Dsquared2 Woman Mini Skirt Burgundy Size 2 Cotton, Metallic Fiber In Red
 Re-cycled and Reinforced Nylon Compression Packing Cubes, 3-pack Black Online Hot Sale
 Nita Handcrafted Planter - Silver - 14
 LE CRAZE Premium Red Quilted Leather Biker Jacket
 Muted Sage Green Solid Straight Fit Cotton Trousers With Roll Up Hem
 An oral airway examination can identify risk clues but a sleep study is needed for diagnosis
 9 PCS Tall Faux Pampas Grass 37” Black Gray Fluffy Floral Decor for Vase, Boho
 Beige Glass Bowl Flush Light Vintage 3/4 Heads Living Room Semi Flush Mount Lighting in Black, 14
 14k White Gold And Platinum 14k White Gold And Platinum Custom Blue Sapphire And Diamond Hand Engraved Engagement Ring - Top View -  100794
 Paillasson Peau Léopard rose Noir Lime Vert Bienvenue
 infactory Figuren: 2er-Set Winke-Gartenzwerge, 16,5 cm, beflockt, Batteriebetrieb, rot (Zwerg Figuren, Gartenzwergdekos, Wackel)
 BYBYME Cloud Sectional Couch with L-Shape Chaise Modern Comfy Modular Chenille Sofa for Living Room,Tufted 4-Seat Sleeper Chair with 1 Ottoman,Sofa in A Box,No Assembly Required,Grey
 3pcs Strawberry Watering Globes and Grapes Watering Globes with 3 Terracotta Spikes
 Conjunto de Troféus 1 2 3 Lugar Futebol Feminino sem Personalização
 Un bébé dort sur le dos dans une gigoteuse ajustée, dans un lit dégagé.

——

Everything above from the line containing "Re-cycled and Reinforced" down to the line containing "9 PCS Tall Faux" is to be transcribed exactly, with both of those lines included and nothing else added.

 Re-cycled and Reinforced Nylon Compression Packing Cubes, 3-pack Black Online Hot Sale
 Nita Handcrafted Planter - Silver - 14
 LE CRAZE Premium Red Quilted Leather Biker Jacket
 Muted Sage Green Solid Straight Fit Cotton Trousers With Roll Up Hem
 An oral airway examination can identify risk clues but a sleep study is needed for diagnosis
 9 PCS Tall Faux Pampas Grass 37” Black Gray Fluffy Floral Decor for Vase, Boho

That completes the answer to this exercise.